───── Dataset entries

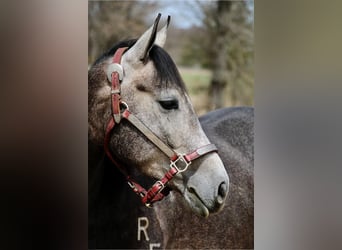 American Quarter Horse, Wałach, 5 lat, 145 cm, Siwa
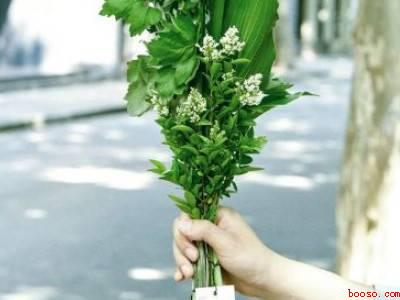 艾蒿端午节怎么用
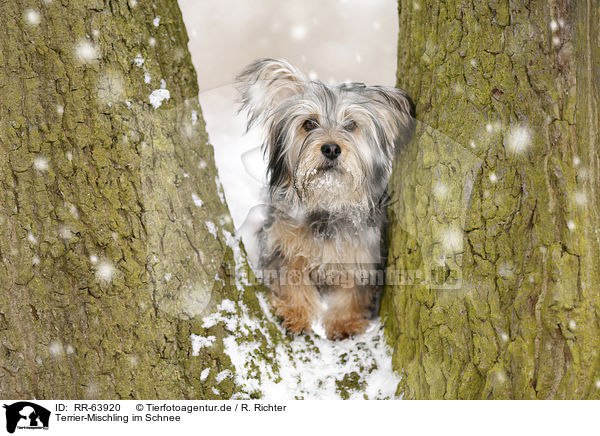Terrier-Mischling im Schnee / Terrier-Mongrel in snow / RR-63920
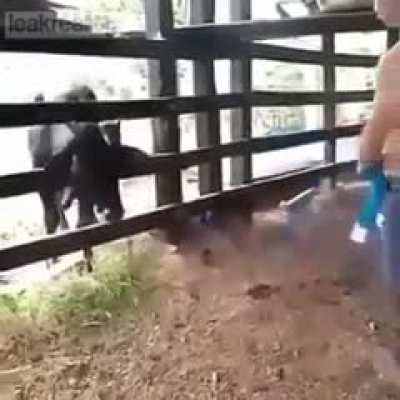 Teasing a Bull
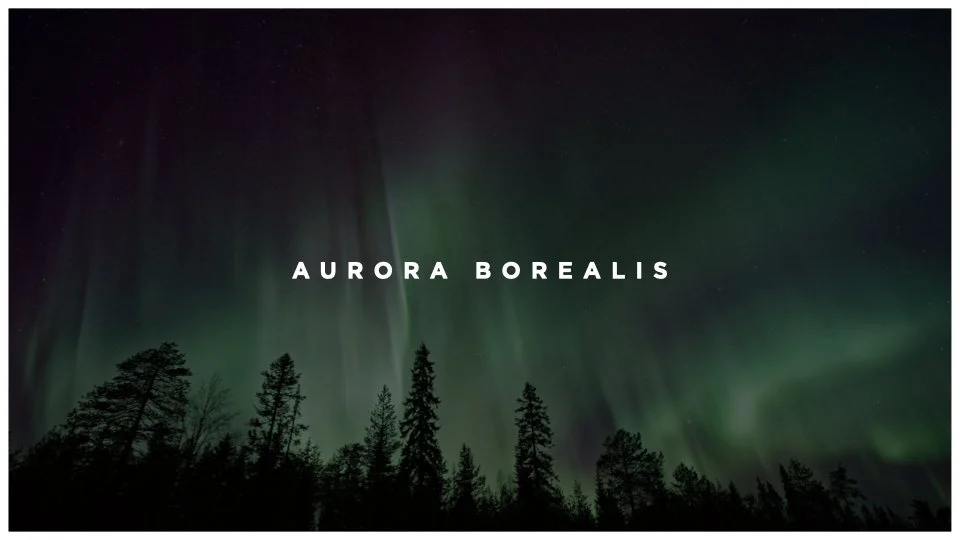 Night sky with green aurora borealis above a silhouette of trees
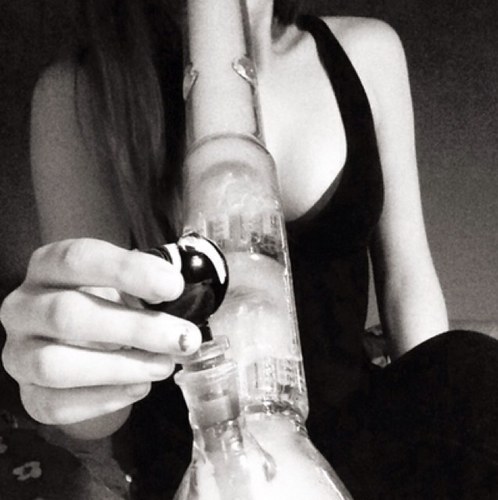 boobsbudandbeer's profile picture. Your typical stoned, opinionated, alcoholic, rather horny, well-educated, flirtatious, bitch. If you love bad bitches, I'm def your fucking problem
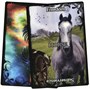 Карты Таро "Animal Guidance & Aspects Oracle Cards" Solarus / Руководство по Животным и Аспекты Кар 605252884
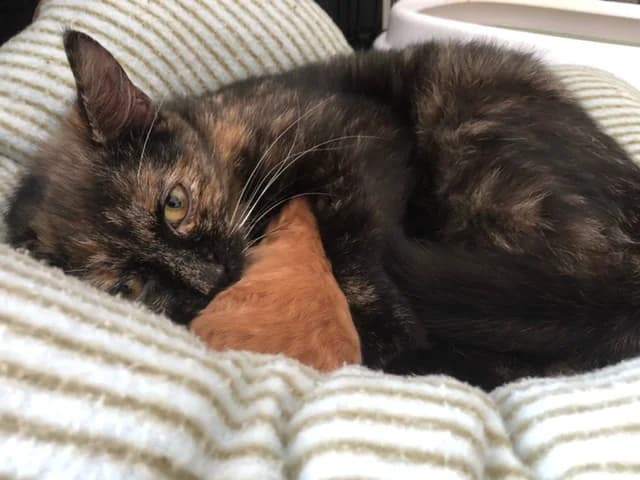 Jeanne A Mačiatko, female young Mixed Breed for adoption at MAJME SRDCE, 851 06 Bratislava-Petržalka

──────────

Leave the pictures out and please restate exactly the lines running from the start of the material through the one with "boobsbudandbeer's profile picture.".

**Worked solution**
 American Quarter Horse, Wałach, 5 lat, 145 cm, Siwa
 艾蒿端午节怎么用
Terrier-Mischling im Schnee / Terrier-Mongrel in snow / RR-63920
 Teasing a Bull
 Night sky with green aurora borealis above a silhouette of trees
 boobsbudandbeer's profile picture. Your typical stoned, opinionated, alcoholic, rather horny, well-educated, flirtatious, bitch. If you love bad bitches, I'm def your fucking problem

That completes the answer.